WHAT THE TASK REQUIRES: Although the entries contain pictures, repeat only their words, exactly as written.

[Stored items]
+===+

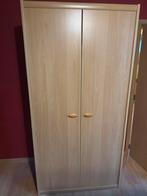 Element chambre a couche, Maison & Meubles, Armoires | Penderies & Garde-robes, Enlèvement, Utilisé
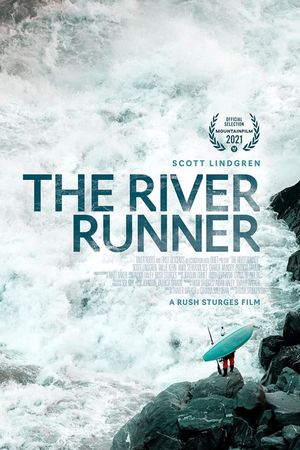 The River Runner's poster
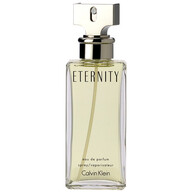 100 ML Calvin Klein ETERNITY Eternity Eau De Parfum  1 di 2 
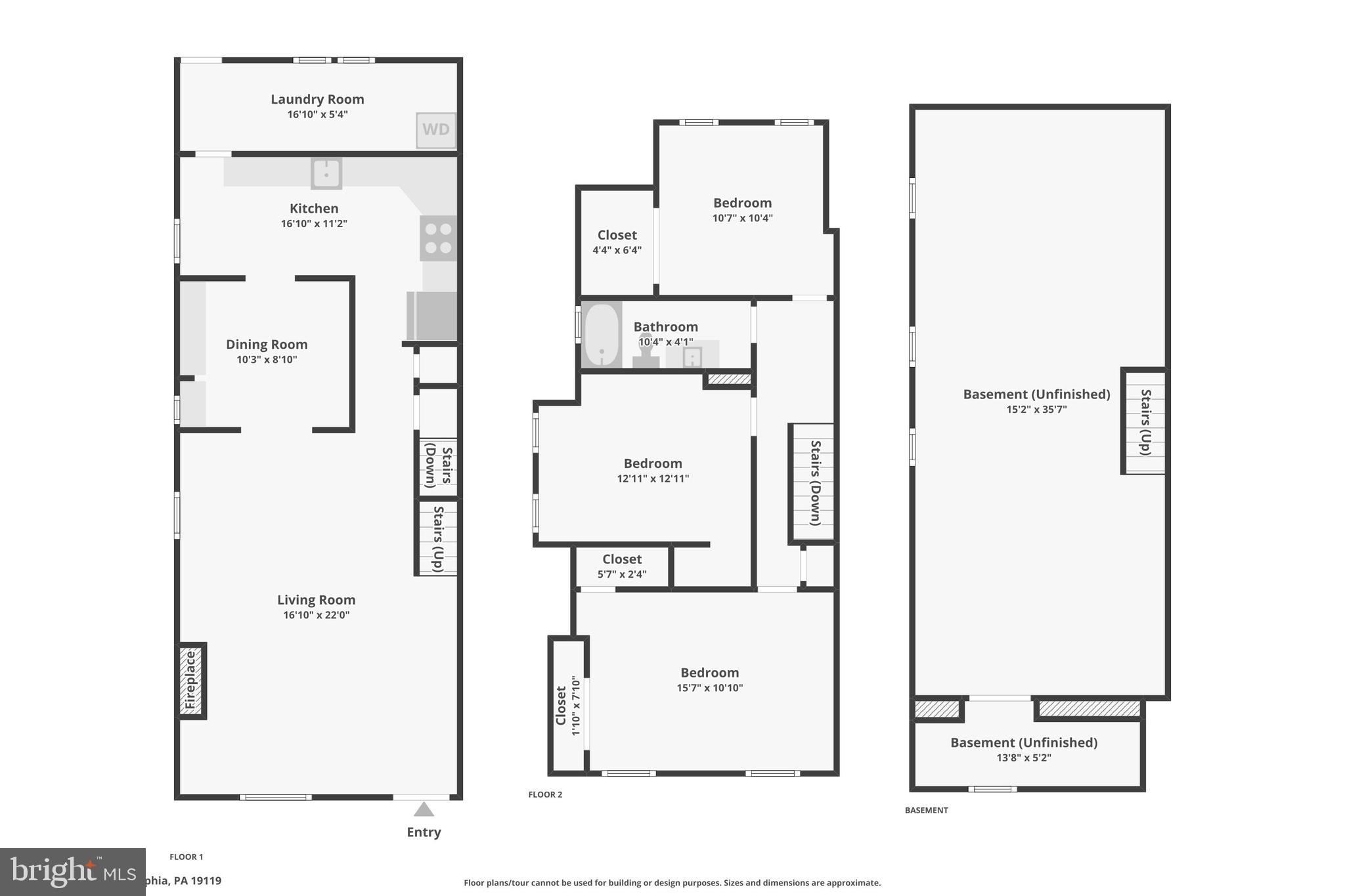 MT AIRY (WEST) - Residential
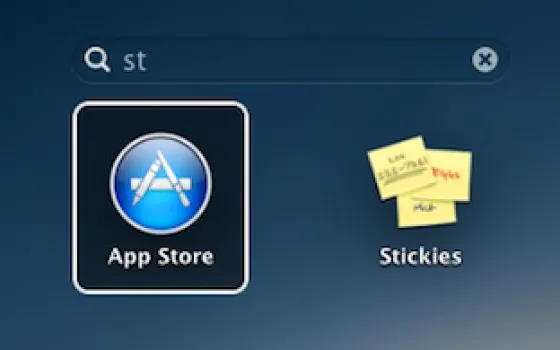 Le altre piccole novità di Mountain Lion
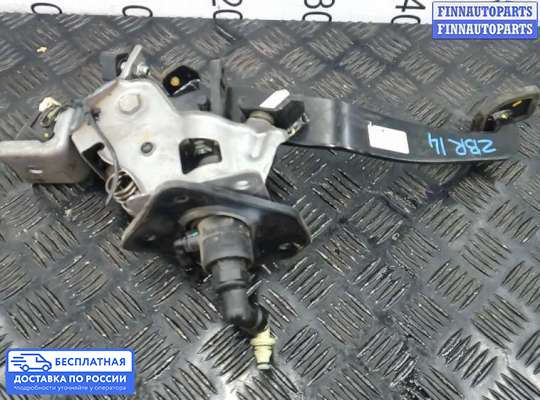Педальный узел (педаль) на Kia Sportage III (SL)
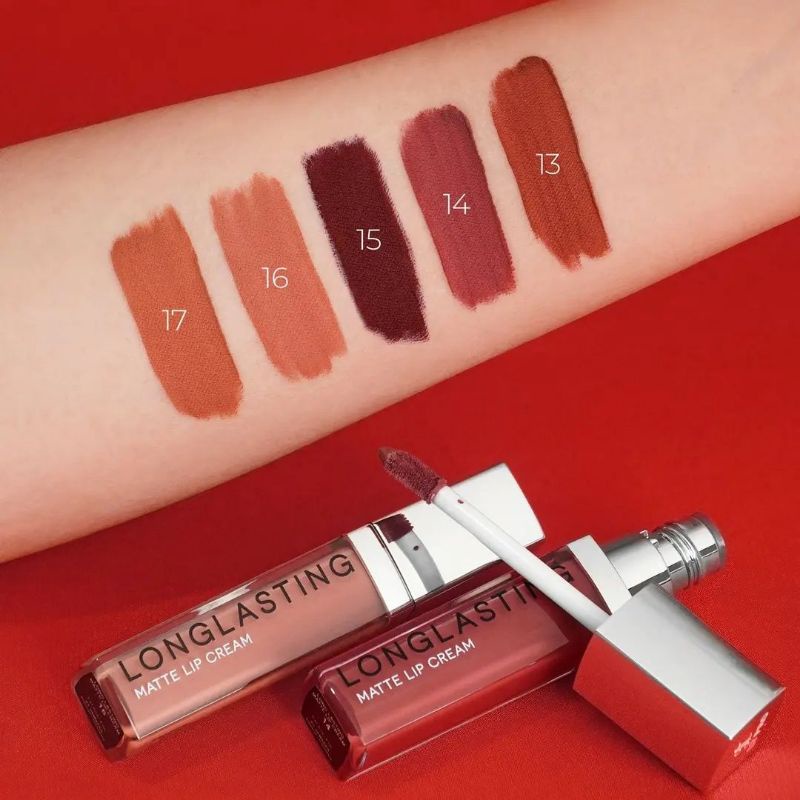 ❤️ MEMEY ❤️ LT PRO Longlasting Matte Lip Cream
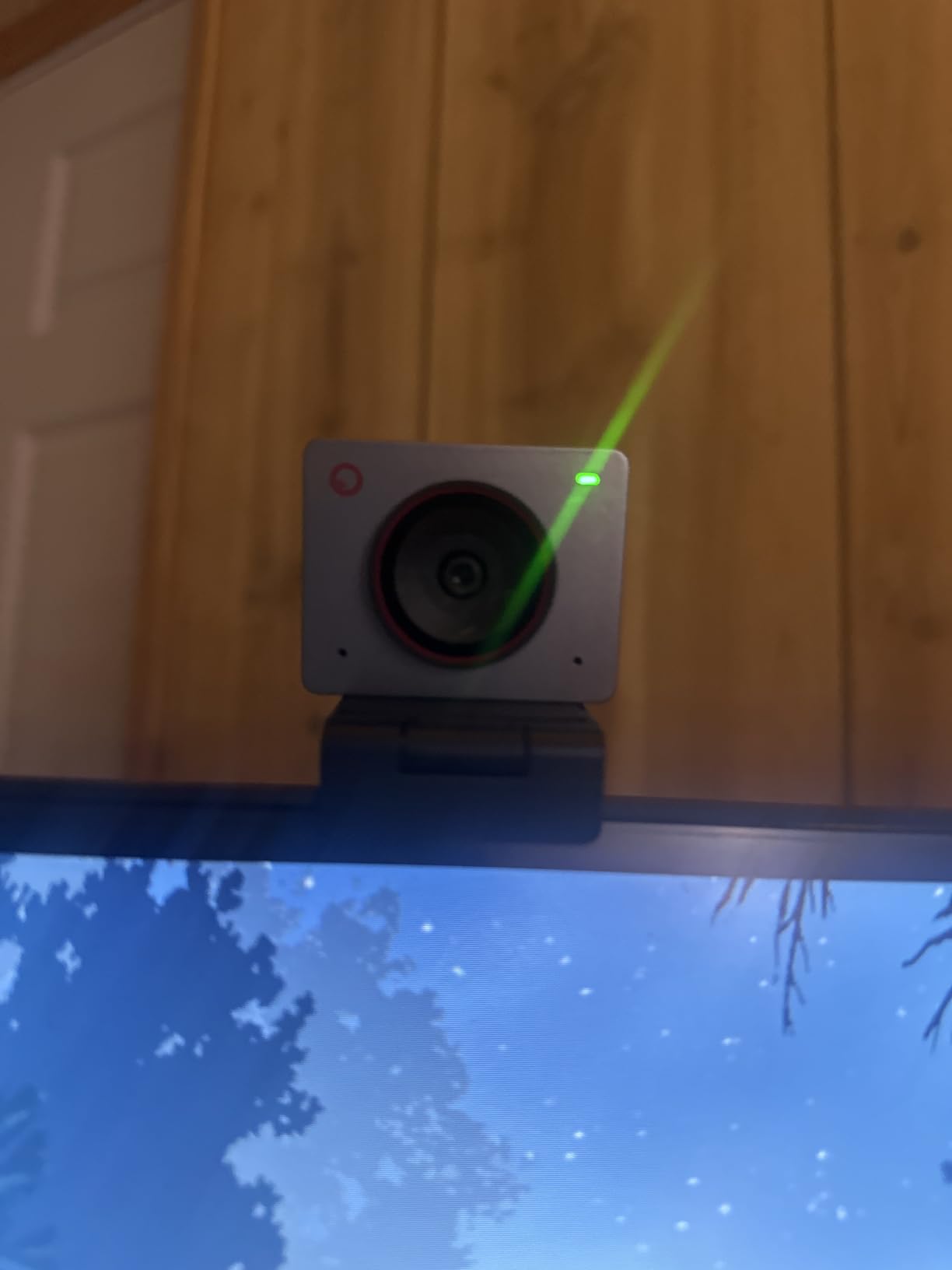 OBSBOT Meet 2-4K Webcam for PC with 1/2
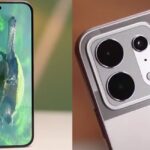 Realme P4s specs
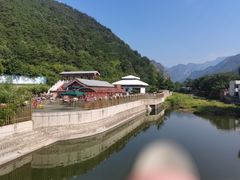 -京东石林峡风景区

+===+

RESULT:
 Element chambre a couche, Maison & Meubles, Armoires | Penderies & Garde-robes, Enlèvement, Utilisé
 The River Runner's poster
 100 ML Calvin Klein ETERNITY Eternity Eau De Parfum  1 di 2 
 MT AIRY (WEST) - Residential
 Le altre piccole novità di Mountain Lion
Педальный узел (педаль) на Kia Sportage III (SL)
 ❤️ MEMEY ❤️ LT PRO Longlasting Matte Lip Cream
 OBSBOT Meet 2-4K Webcam for PC with 1/2
 Realme P4s specs
 -京东石林峡风景区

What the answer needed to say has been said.